Барон Вревский, адресат, не возражал.
Напротив. «Из событий, – отвечал он, – в самом деле, видно, что возмущение это, хотя и в низших сословиях, имеет, однако, основу не в старом невежестве, но в новых веяниях. Сей странный азиацкий вид нигилизма и сам явление новое, но все ж много предпочтительней дикости в ее старом привычном понимании. Конечно, явный бунт следует подавлять силою, но сам вид умопомешательства дает основу говорить о благом смысле русского труда на здешней ниве». Иными словами, вояки сходились в том, что с «дикостью» края в основном покончено. Аллах свидетель, они ошибались…
Глава XLII. Геополитическая комедия (9)
Даже не знаю, с чего начать, чтобы, не подумайте плохого, хорошо кончить. Наверное, так…
Жил да был один ишан…
Итак, жил себе, поживал в большом кишлаке Минг-тепе ученый человек Мухаммед-Али-хальфа Сабир Суфиев. А проще – ишан Мадали. А если еще проще, дукчи-ишан (ишан-колыбельщик), поскольку изготовление колыбелек (дукчи) кормило лучше, чем маленький участок земли.

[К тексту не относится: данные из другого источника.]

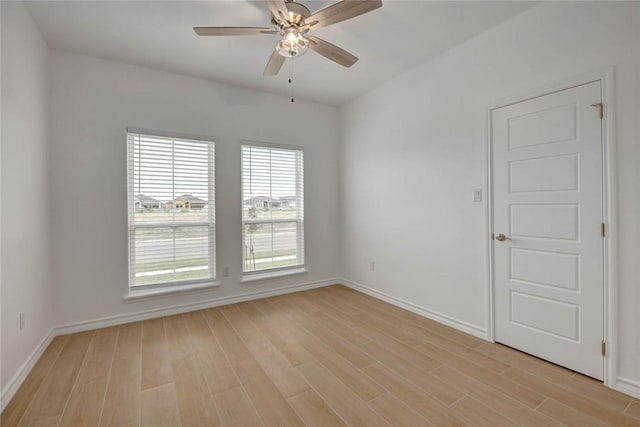 empty room featuring light hardwood / wood-style floors and ceiling fan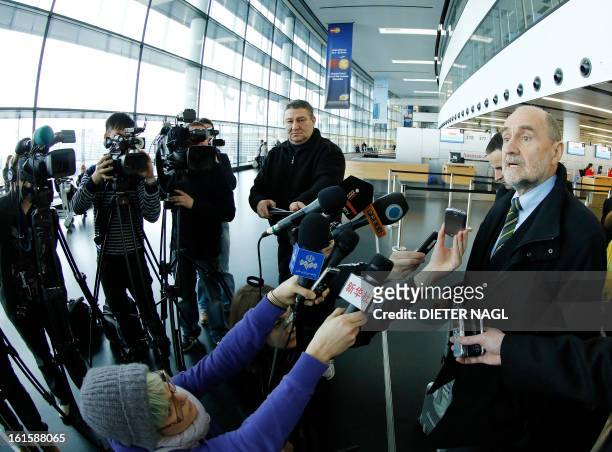 Deputy Director General and Head of the Department of Safeguards Herman Nackaerts talks with journalists as he leaves for another trip with his team...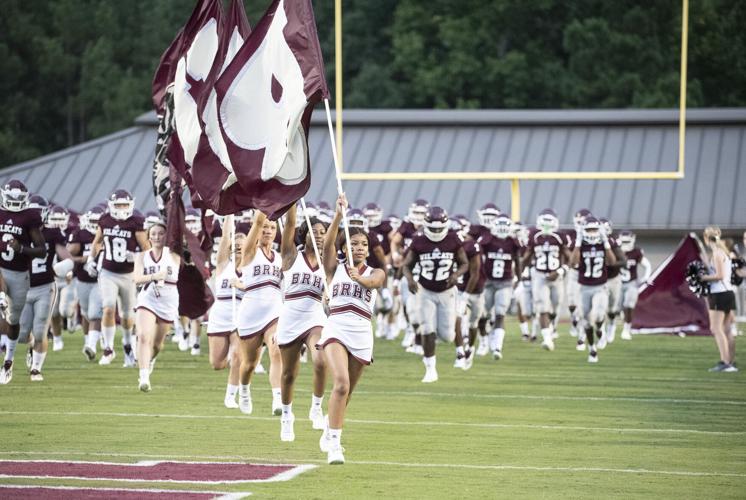 PHOTOS: Ben Russell hosts Huffman in the first game of the season
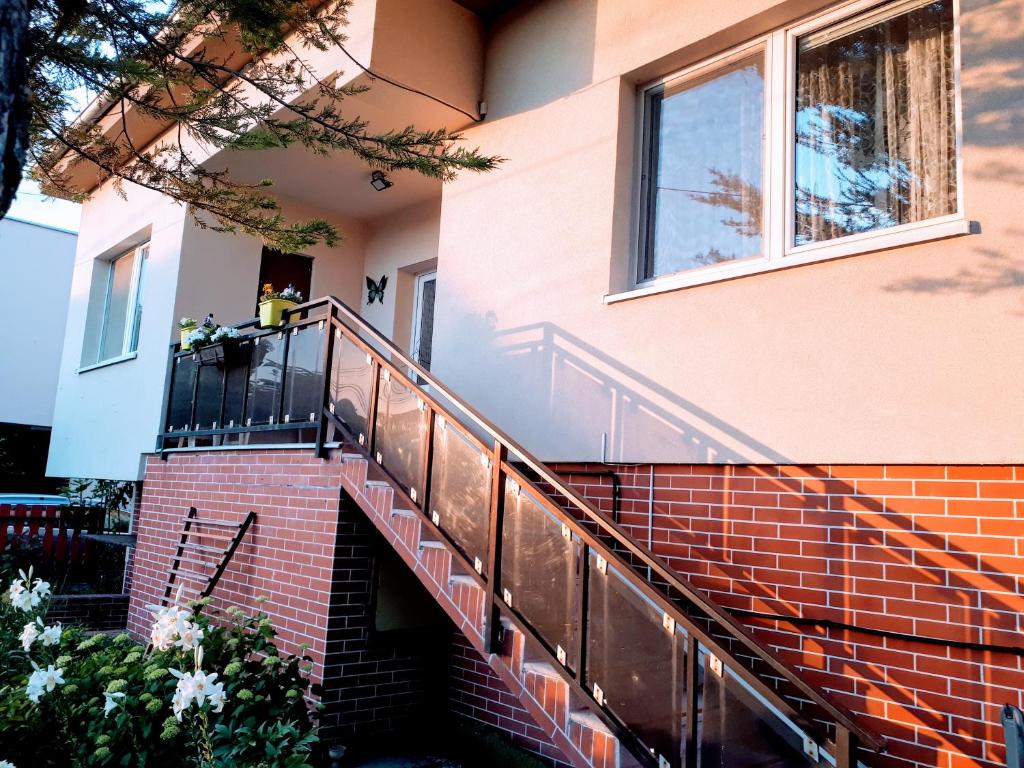 a house with a staircase leading up to a building at Ubytovanie u Marty in Veľký Meder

В юности учился у известных ишанов, отрабатывая учение тяжким трудом, а потом унаследовал звание у одного из учителей. Славился добронравием, своими руками посадил рощицу деревьев, чтобы усталые путники могли отдохнуть, совершил хадж, а когда вернулся, пошли слухи, мол, у Гроба в Медине было ему откровение. Дескать, сказал Всевышний, что судьба ему «быть ишаном 10 лет, а потом объявить джихад, но перед тем завести большие котлы и кормить всех голодных». В ответ же на возражения Мадали, что нет у него на такое ни сил, ни денег, Аллах – так он сам говорил – «обещал ему помочь и подарил золотой ковш».
Тут уж ничего не поделаешь: вернувшись домой, начал Мадали не просто ишанить, но кормить народ – сперва в долг, а потом и на пожертвования. Заодно, понятно, творил и чудеса. Всякие. То котлы у него кипели без огня, то амулеты раздавал, превращающие пули в капли воды, – слухи о том со слов «слышавших от тех, кто слышал от тех, кто своими глазами видел видевших воочию», разошлись по Фергане. Вот и стал дукчи-ишан – а в умении влиять на толпу и бешеной энергии отказать ему никак нельзя – авторитетен на всю долину, аж до самого Пишпека. А когда стал, начал понемногу готовить джихад. «Хальфа» (ученики) ему помогали, а многочисленные «раисы» (блюстители) разносили мысли учителя туда-сюда.